The story, much like the aesthetic, pulls from a grab-bag of ideas, though the sum total don’t really seem to develop into a theme. The plot is doled out through conversations with characters like the samurai’s psychiatrist/handler who asks him inane questions before injecting him with drugs and handing him a dossier for his next target. The game attempts to build a sense of mystery via the main character’s amnesia and mental episodes where time and his memory seem to skip and shift. I felt some of the influence of Momento here, but whereas that film built the main character’s experience into the editing so as to connect his experience to the audience, in Katana Zero, it just feels like window dressing as opposed to building to a larger theme.
Other elements of the worldbuilding seem downright bizarre. While many elements harken back to Japanese anime or neo-noir like Blade Runner, certain elements use Middle Eastern and Arabic references. The name of the city is New Mecca, and some characters have names like Al-Qasim. However, this only seems to serve to distance it from the usual Asian/Japanese pastiche favored by those summoning the 80s aesthetic, and frankly seem very out of place, nor do they develop any deeper meaning at any point.
Further more bizarre is the introduction of two characters in lab coats and Comedy/Tragedy masks. While the samurai is, at best, an unreliable, drugged up narrator, these supernatural beings seem very out of place. At first they seem figments of the broken mind of the protagonist, but by the end they show themselves to be real enough to kidnap one of the characters important to the samurai. Even for the synth-soaked world the characters inhabit, these characters seem far too deus ex machina for the setting. And we don’t really know what they’re about, because the game doesn’t see fit to tell us. The game ends on a cliffhanger, setting itself up for a DLC (which is forthcoming) or even perhaps a sequel to come later.
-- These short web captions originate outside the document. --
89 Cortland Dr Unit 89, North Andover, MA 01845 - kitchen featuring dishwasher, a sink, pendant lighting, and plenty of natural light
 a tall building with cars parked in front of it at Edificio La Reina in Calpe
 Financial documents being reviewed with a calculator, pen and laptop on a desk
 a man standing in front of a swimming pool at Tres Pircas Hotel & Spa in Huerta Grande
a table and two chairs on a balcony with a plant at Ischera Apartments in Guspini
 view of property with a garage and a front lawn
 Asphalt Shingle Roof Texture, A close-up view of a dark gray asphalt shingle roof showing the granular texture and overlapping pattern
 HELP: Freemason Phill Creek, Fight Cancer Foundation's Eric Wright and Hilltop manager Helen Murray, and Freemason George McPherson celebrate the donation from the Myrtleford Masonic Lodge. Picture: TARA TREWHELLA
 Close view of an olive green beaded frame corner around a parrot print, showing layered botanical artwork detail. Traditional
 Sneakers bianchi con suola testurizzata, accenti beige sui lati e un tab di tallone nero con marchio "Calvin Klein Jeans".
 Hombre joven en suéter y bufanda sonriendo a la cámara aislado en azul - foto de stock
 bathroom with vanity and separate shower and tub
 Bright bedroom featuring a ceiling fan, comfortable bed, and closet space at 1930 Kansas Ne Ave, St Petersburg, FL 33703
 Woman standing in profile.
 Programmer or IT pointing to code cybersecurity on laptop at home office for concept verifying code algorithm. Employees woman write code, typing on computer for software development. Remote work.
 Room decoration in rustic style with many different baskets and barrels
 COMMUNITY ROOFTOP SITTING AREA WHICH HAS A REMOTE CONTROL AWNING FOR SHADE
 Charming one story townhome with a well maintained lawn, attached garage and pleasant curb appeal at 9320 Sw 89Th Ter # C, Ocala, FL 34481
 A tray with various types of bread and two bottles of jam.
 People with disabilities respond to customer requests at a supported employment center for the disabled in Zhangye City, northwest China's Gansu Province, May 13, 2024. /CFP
And this is the main problem with Katana Zero, similar to the problem with John Wick. Both display flash and style, and while they make gestures at substance, its too-often empty behind the scenes. We don’t yet have Katana One or Katana Point-Five, but already Zero feels like it’s trying a bit too hard to rise above its aesthetic as opposed to embracing it. It’s J.J. Abrams’ style filmmaking in a video game plot, Mystery-Boxing the audience with a bunch of setup and seemingly little payoff. While I had enough fun playing Katana Zero, it was just that: enough. Nothing seemed to rise above the surface level in any meaningful way in either the plot or the gameplay, and nothing in this first outing gives me much confidence that the DLC or a second outing might be able to stick the landing.